VANCOUVER – Caroline sings and the entire theatre goes silent. Not a word, not a whisper, not a breath. She sings like an acrobat or a hang-glider, her voice ascending and descending, riding the line between lift and free fall. She sings and it seems that she is weightless. She stands under the hot stage lights and she levitates for our entertainment. She awakens something primal. The audience breaks its vow of silence. They hoot and holler and even sing. They do their best Caroline Polachek impression.

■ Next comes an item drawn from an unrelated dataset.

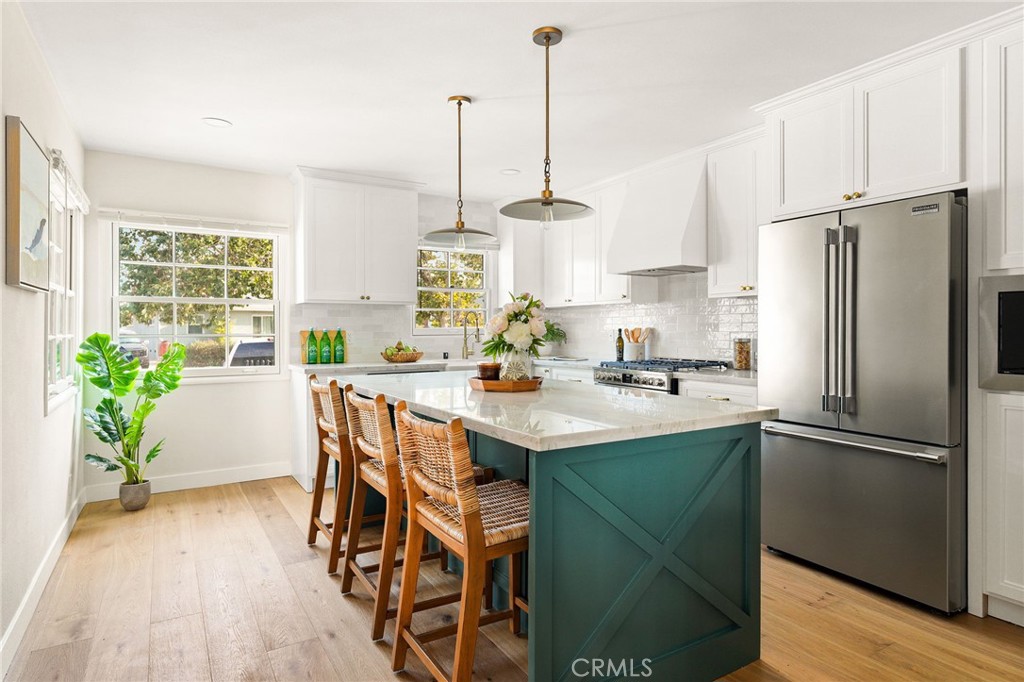 2139 W 169th Place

But they are not Caroline.
Caroline sings of Smoke and Blood and Butter, of a genre she calls “scorny” (that is, scary + horny) and always always always she sounds exactly like herself. I wonder, as she sings, if she has ever tried to sound like anybody but Caroline. What a sad day that would be! But today is not that day. She sings for over an hour and her voice never wavers, never falters, never does anything but exactly what she intends. It lifts and falls and lifts again, higher and higher, and still she seems weightless. (Has anyone ever seemed so weightless?) And the audience rewards her for her efforts. They make little hearts with their hands. They profess their undying love for her and her voice. And Caroline smiles and wraps her arms around her shoulders in a suggested embrace.
Shortly before she walks off stage, she performs Caroline Shut Up. And I think, if I could sing like Caroline I would never shut up. I would sing until I was blue in the face, until I was dead and buried, until I was face-to-face with a chorus of angels. And I would put them all to shame.
But I cannot sing like that, will never sing like that. And so my only hope is that Caroline Polachek keeps singing.